Information provided:
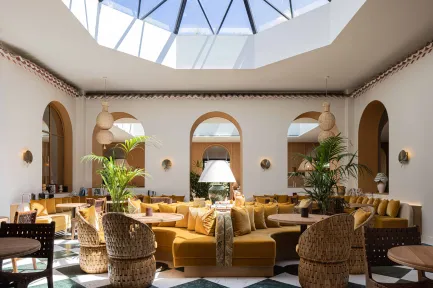Intérieur d'un salon spacieux sous une grande verrière, baigné de lumière naturelle. L'espace présente un décor méditerranéen et chaleureux, avec un grand canapé d'angle couleur moutarde, des fauteuils en paille tressée et des tables basses. Le sol est un damier carrelé vert et blanc, et des arches ocre encadrent l'arrière-plan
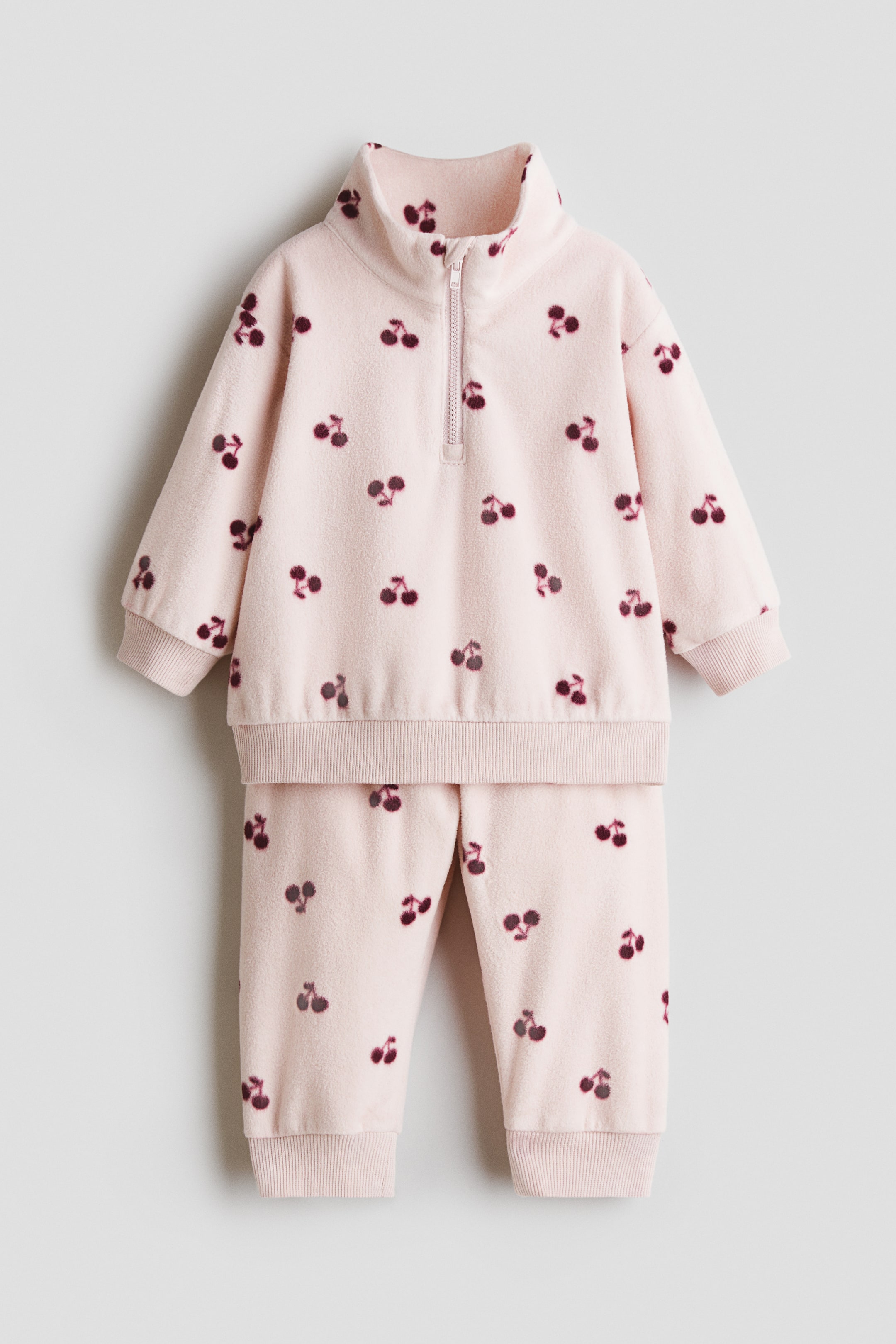 View larger image: A light pink two-piece baby outfit is shown from the front, featuring a pullover top and matching pants. Both pieces showcase an all-over dark cherry pattern, with the top featuring a stand-up collar, a half-zip closure, ribbed cuffs, and a ribbed hem, while the pants feature ribbed ankle cuffs.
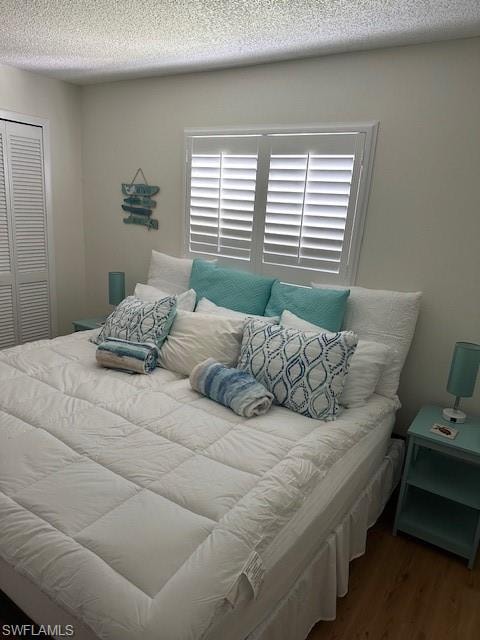 Bedroom with a textured ceiling, a closet, and wood finished floors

Work order: Reproduce exactly the lines above from the one with "View larger image: A" through the last line of the data, keeping both ends and dropping the pictures.

Solution:
 View larger image: A light pink two-piece baby outfit is shown from the front, featuring a pullover top and matching pants. Both pieces showcase an all-over dark cherry pattern, with the top featuring a stand-up collar, a half-zip closure, ribbed cuffs, and a ribbed hem, while the pants feature ribbed ankle cuffs.
 Bedroom with a textured ceiling, a closet, and wood finished floors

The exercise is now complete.